January 19th, 2018
A Fresh Look at a “Cool” Genre
by Kipp Normand
Snow Scene at the Shrine of Benzaiten, 1844, Utagawa Hiroshige
Hunters in the Snow, 1565, Bruegel the Elder
I love landscape paintings. Yes, I know I know, landscape paintings have a bad rep – usually considered the purview of little old ladies, and fans of “safe” art (you know what I am talking about)… BUT…I think landscapes deserve a second look. Sometimes renderings of nature scenes and weather can be among the most accessible and moving works you will ever see. (Think of everything Turner ever painted, really.) Two of my all time favorites are winter scenes: “Snow Scene at the Shrine of Benzaiten” 1844 by Utagawa Hiroshige, and Bruegel the Elder’s 1565 painting “Hunters in the Snow” happen to be winter scenes, a rarity in the landscape genre. The depiction of winter landscapes in Western Art began in the15th century. Winter landscapes were not seen in early European painting since most of the subjects were religious. Painters avoided landscapes in general for the same reason. The first depictions of snow began to occur in the 15th and 16th centuries when artists turned to renderings of the world around them rather than fantastical or religious subjects. The new show at the City Gallery offers an interesting opportunity to look at this special niche in the landscape genre: the winter scene.

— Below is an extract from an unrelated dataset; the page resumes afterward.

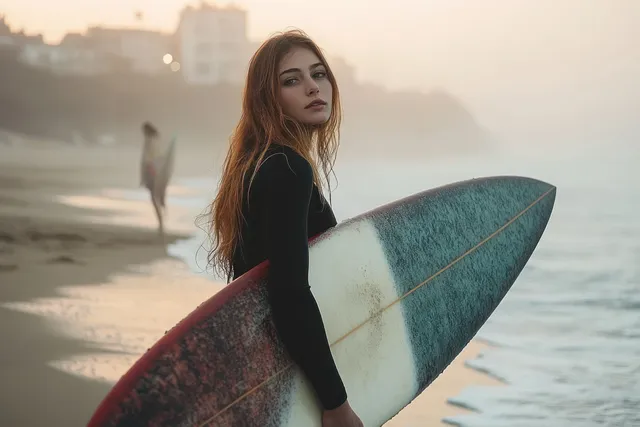 Young woman in a black wetsuit holds a surfboard on a misty beach while waves roll behind her.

Offering a particularly local view of the winter landscape, Winter in Indianapolis is currently on exhibit at the City Gallery. This marvelous little show was quickly and expertly curated by landscape painter Justin Vining – Winter in Indianapolis features many of the Harrison Center’s leading players, but there are also some new names and quite a lot of surprising work. Just look at the clever use of color in “Illinois Street Bridge” by Addie Hirschten; the perfectly dappled sunlight in “One Day Last December” by Jed Dorsey; the sublime shadows in Allen Banister’s “Hill”; Benny Sander’s surprisingly rendered snowstorms in charcoal and beeswax; and the tender feeling which saturates Kyle Ragsdale’s painting of his own backyard titled “Cindy’s Pink Ladder”. These are all moments of perfect beauty which will warm your winter days. Winter in Indianapolis hangs at the City Gallery through January 29th. Go see it while you still can. It will change the way you think about landscapes.